It has two divisions: Water & Flowback Services and Completion Fluids & Products. In the third quarter of 2021, both had similar revenues.
Its net long-term debt of $164 million is about half of its market capitalization; it has a high beta of 3.1, and its products appear more research-focused than scalable. However, it offers water treating solutions to a sector that produces a lot of "salty" (high-mineral) flowback and produced water.
TETRA Technologies may interest speculative ESG and oilfield services investors with a risk appetite for a high-beta stock. It does not pay a dividend, so I do not recommend it to dividend-hunters.
For the third quarter of 2021, TETRA Technologies reported revenue up 30% over a year ago to $95 million. The company explains that its European industrial calcium chloride business peaks seasonally in the second quarter, and that third quarter revenue was negatively impacted by about $11 million due to Hurricane Ida and delayed international completion fluids deliveries from global logistics and shipping issues.

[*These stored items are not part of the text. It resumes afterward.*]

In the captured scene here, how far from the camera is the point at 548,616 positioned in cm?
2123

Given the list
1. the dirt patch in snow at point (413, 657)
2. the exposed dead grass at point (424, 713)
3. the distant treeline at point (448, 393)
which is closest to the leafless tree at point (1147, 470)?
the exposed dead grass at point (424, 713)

Net income was $2.5 million, or $0.02/share, including $6.2 million of mark-to-market gains from TETRA's equity ownership in Standard Lithium and CSI Compressco LP. In earlier quarters the company had substantial income from operations that have since been discontinued.
Adjusted EBITDA was $15.0 million. Cash from operations was $2.8 million for the quarter.
In the earnings call, CEO Brady Murphy said, "During the third quarter, we achieved a record high 55 integrated water management projects with 27 different customers out of which four were new customers."
Fourth quarter revenues are expected to be higher due to deliveries delayed until then, return to normal operations in the Gulf of Mexico, and recent awards for work offshore Brazil.
In an onshore, hydraulically fractured well, water service has several parts:
In the Permian basin, between 2-4 barrels of water are "surfaced" for every barrel of oil. And as wells mature, they produce even more water. In the Permian, this adds up to about ten million barrels per day of water. The water is both "produced" (from the formation) and "flowback"-from the water injected for hydraulic fracturing. In both cases, it has an extremely high salt and mineral content and cannot be recycled, even for reinjection in fracturing, without treatment. The cheapest means of water handling is to inject it into deep saltwater disposal wells. However, even in an area as big as the Permian, ten million barrels per day of water is an issue.
Look to recent history for a crucial water disposal problem example. Increasing numbers of earthquakes ("induced seismicity"), up to even a level 5.0 occurred in Oklahoma. Ultimately, to resolving the problem required the state implement strict limits on total and per-well volumes injected into deep saltwater disposal wells.
The Permian has now also experienced unusual earthquakes in the Gardendale area, near Midland and Odessa, and in the Culberson-Reeves area in west Texas. This has caused the Texas Railroad Commission to limit flows into saltwater disposal wells in the 250-mile-square Gardendale area which has 76 disposal wells with 1.6 million barrels per day of disposal capacity.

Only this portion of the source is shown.